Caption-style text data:
----------------
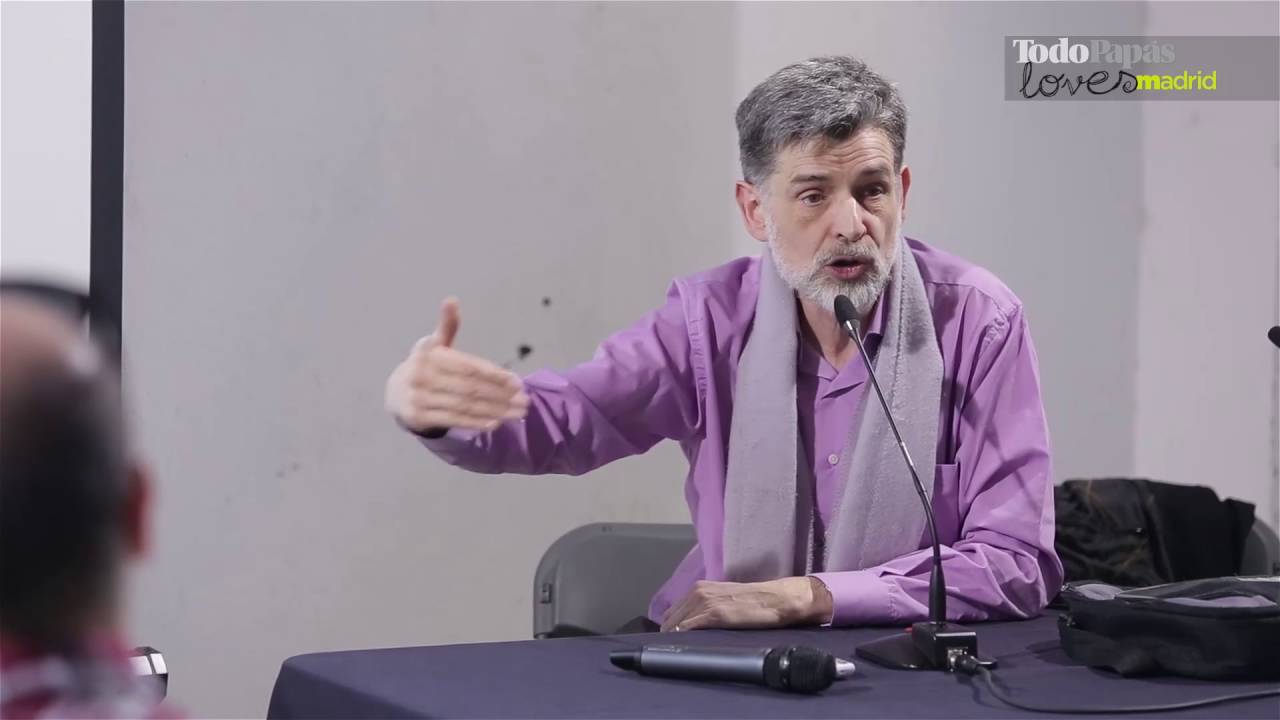 adultos que duermen con sus padres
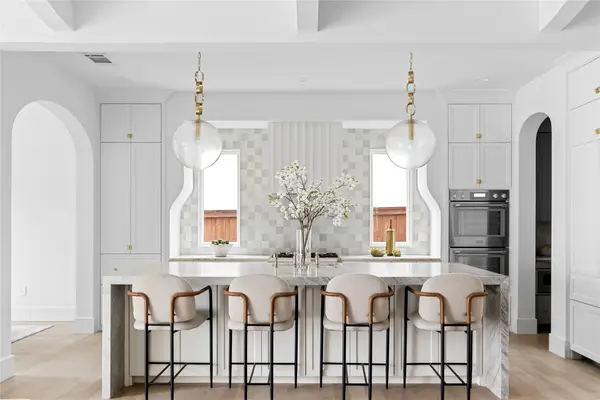 6454 Kenwood Avenue, Dallas, TX 75214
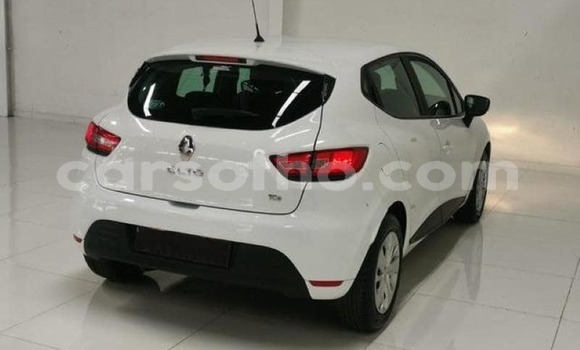 Acheter Occasion Voiture Renault Clio Blanc à Maseru, Maseru Acheter Occasion Voiture Renault Clio Blanc à Maseru, Maseru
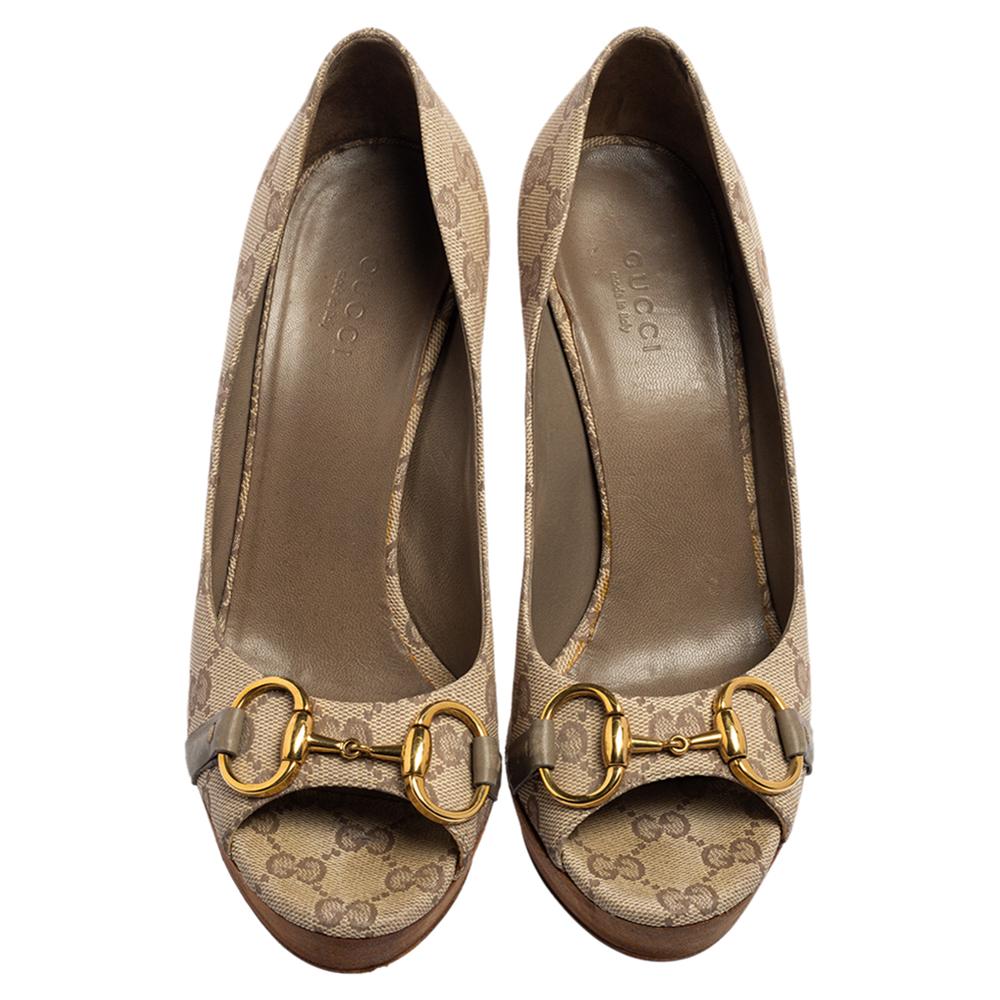 These classic Gucci pumps will complement both your formal and casual wear. Crafted from GG canvas and leather into a peep-toe silhouette, they are graced with Horsebit details on the uppers. These pumps are complete with 11.5 cm heels.


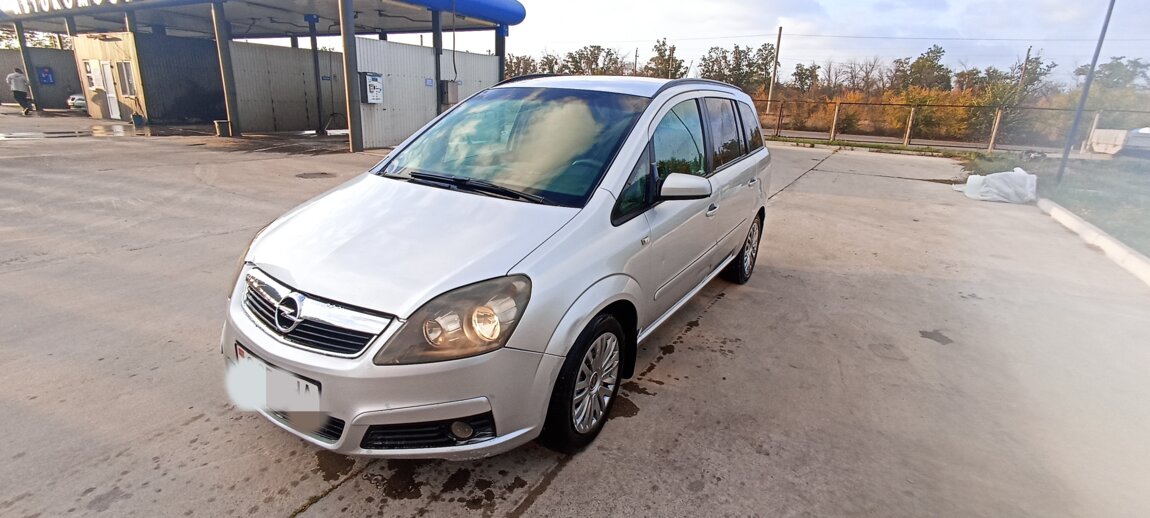 Opel Zafira B, 2007 год, 1.6 бензин -заводской газ-метан, 7 мест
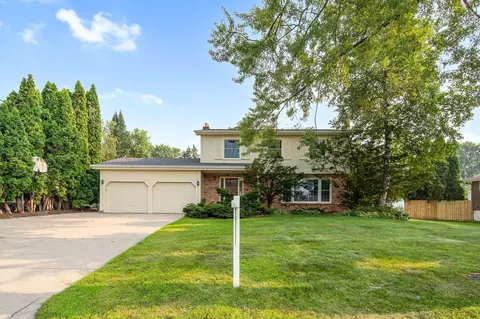 2246 Thomas Ln, White Bear Lake, MN 55110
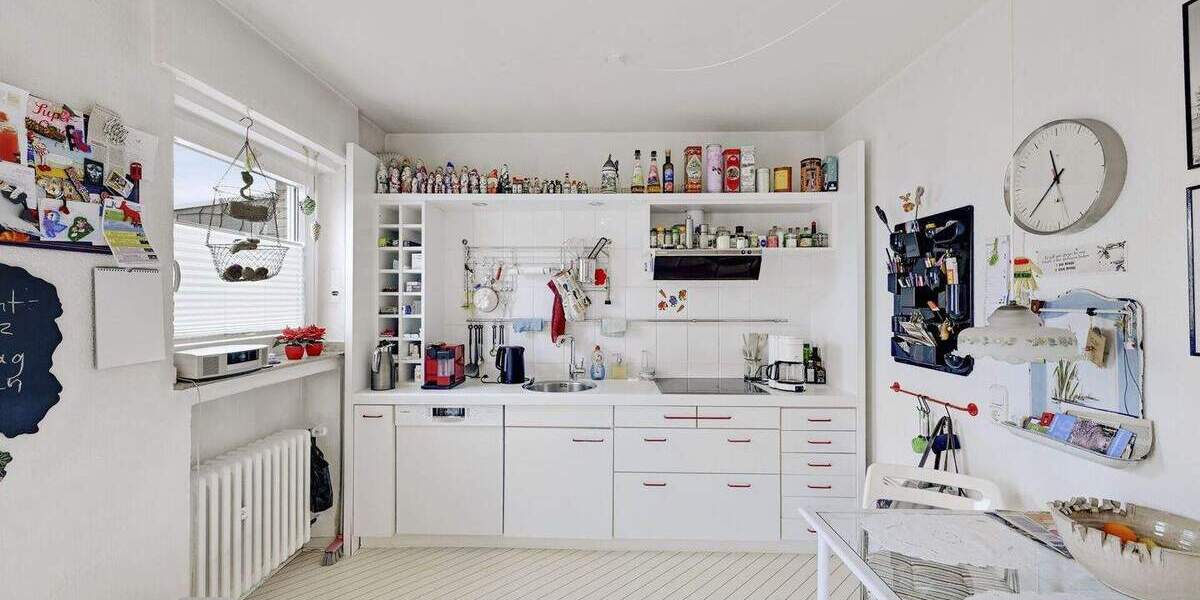 Einfamilienhaus Kaarst Vorst - 8 Zimmer, 272 m&sup2;, 849.000&euro; | Angebot:25694672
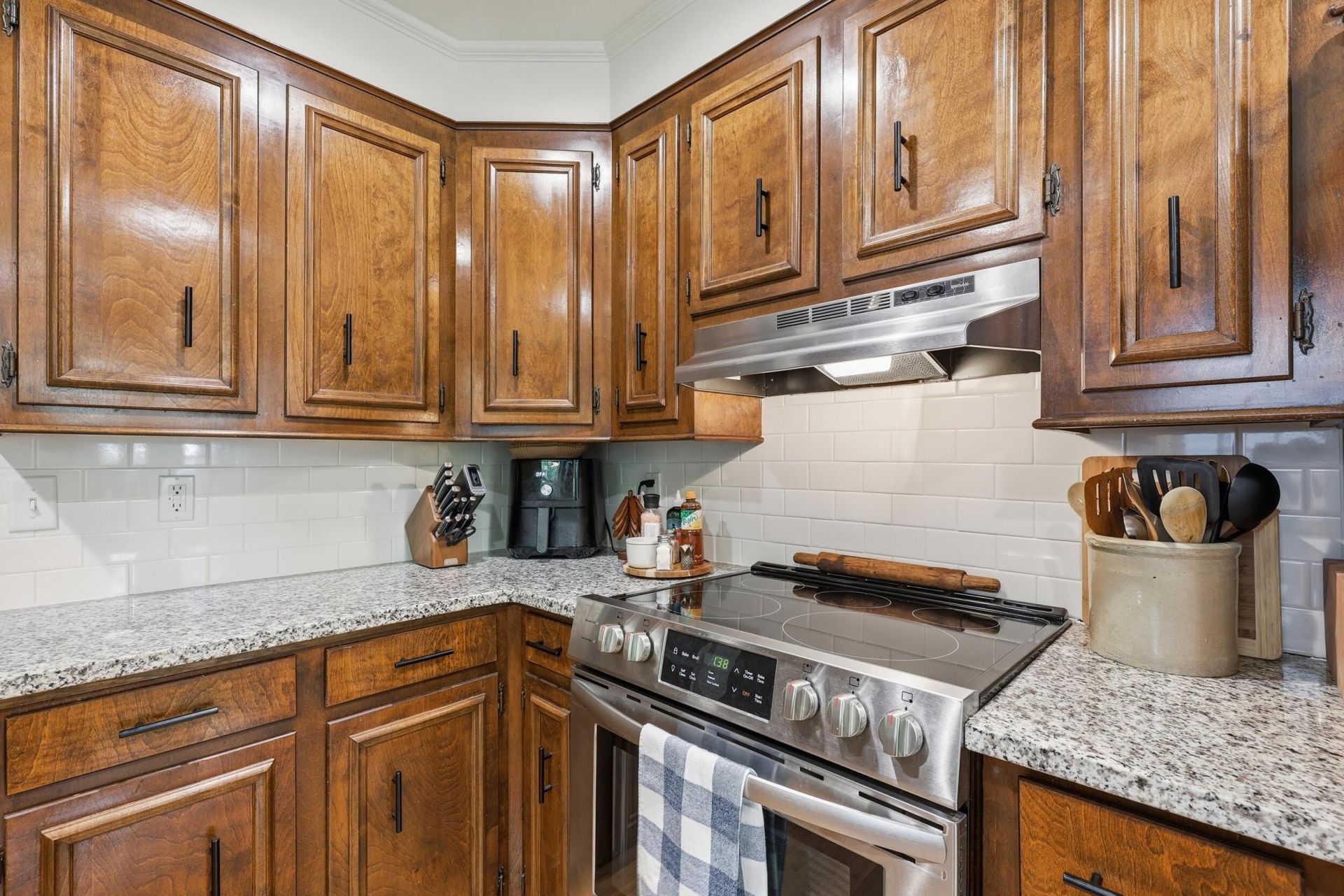 210 Fort Street Photo 9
----------------
- [INSTRUCTIONS FOR THE TASK]:
In the answer, give only the lines from the one containing "Maseru, Maseru Acheter" through the end of the records above, each reproduced exactly. Include no pictures.

- [RESULT OF THIS TASK]:
 Acheter Occasion Voiture Renault Clio Blanc à Maseru, Maseru Acheter Occasion Voiture Renault Clio Blanc à Maseru, Maseru
 These classic Gucci pumps will complement both your formal and casual wear. Crafted from GG canvas and leather into a peep-toe silhouette, they are graced with Horsebit details on the uppers. These pumps are complete with 11.5 cm heels.


 Opel Zafira B, 2007 год, 1.6 бензин -заводской газ-метан, 7 мест
 2246 Thomas Ln, White Bear Lake, MN 55110
 Einfamilienhaus Kaarst Vorst - 8 Zimmer, 272 m&sup2;, 849.000&euro; | Angebot:25694672
 210 Fort Street Photo 9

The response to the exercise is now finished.